Corporate Governance Code increases reporting on remuneration practices

• FTSE 350 companies are disclosing more information on remuneration

• A majority of companies report linking individual rewards to strategy and long-term performance

• However, there remains a lack of detail on the application of the Code principles and provisions

Companies are better aligning their Board remuneration policy and practices with long-term shareholder interests according to new research conducted by the Financial Reporting Council (FRC) and the University of Portsmouth. This research assessed a sample of FTSE 350 companies to determine the extent to which they have applied requirements set by the updated UK Corporate Governance Code in 2020.

The FRC is pleased that the findings support those from the Review of Corporate Governance Reporting published in November 2020. Overall, the report showed that the Code requirements on directors’ remuneration have had a positive impact on reporting. However, many company reports lacked detail and outcomes so whilst companies are giving more information there is still a danger of boilerplate disclosures.

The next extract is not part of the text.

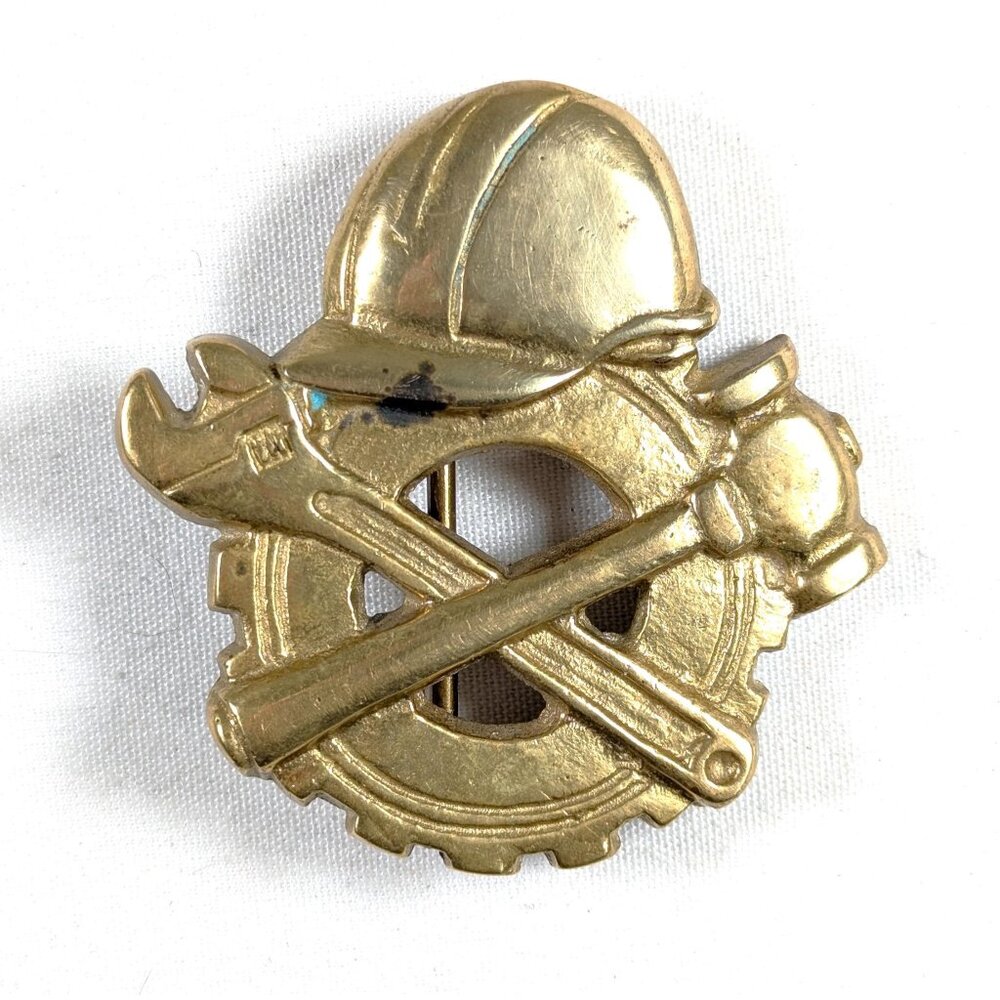 1991 solid brass belt buckle boilermakers Iron ship builder mechanic plumber by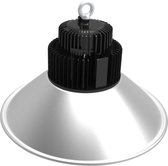 LED UFO High Bay 150W - Aigi Mania - Magazijnverlichting - Waterdicht IP65 - Helder/Koud Wit 6000K - Mat Zwart - Aluminium - BSE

The research fits with our specialisms in corporate governance, accounting and accountability, investigating the behaviours, actions and responses of both providers and users of accounting information and in so doing improving standards across the accounting and financial management field and stimulating debate within it.

The team at the University of Portsmouth, led by Dr Karen McBride, were commissioned by the FRC to look at the changes in corporate reporting around director’s remuneration following their new Corporate Governance Code.

Dr McBride said: “The research fits with our research specialisms in corporate governance, accounting and accountability, investigating the behaviours, actions and responses of both providers and users of accounting information and in so doing improving standards across the accounting and financial management field, and stimulating debate within it.”

The report is part of a series of research commission by FRC to support future policy and improve guidance for companies when reporting against the UK Corporate Governance Code.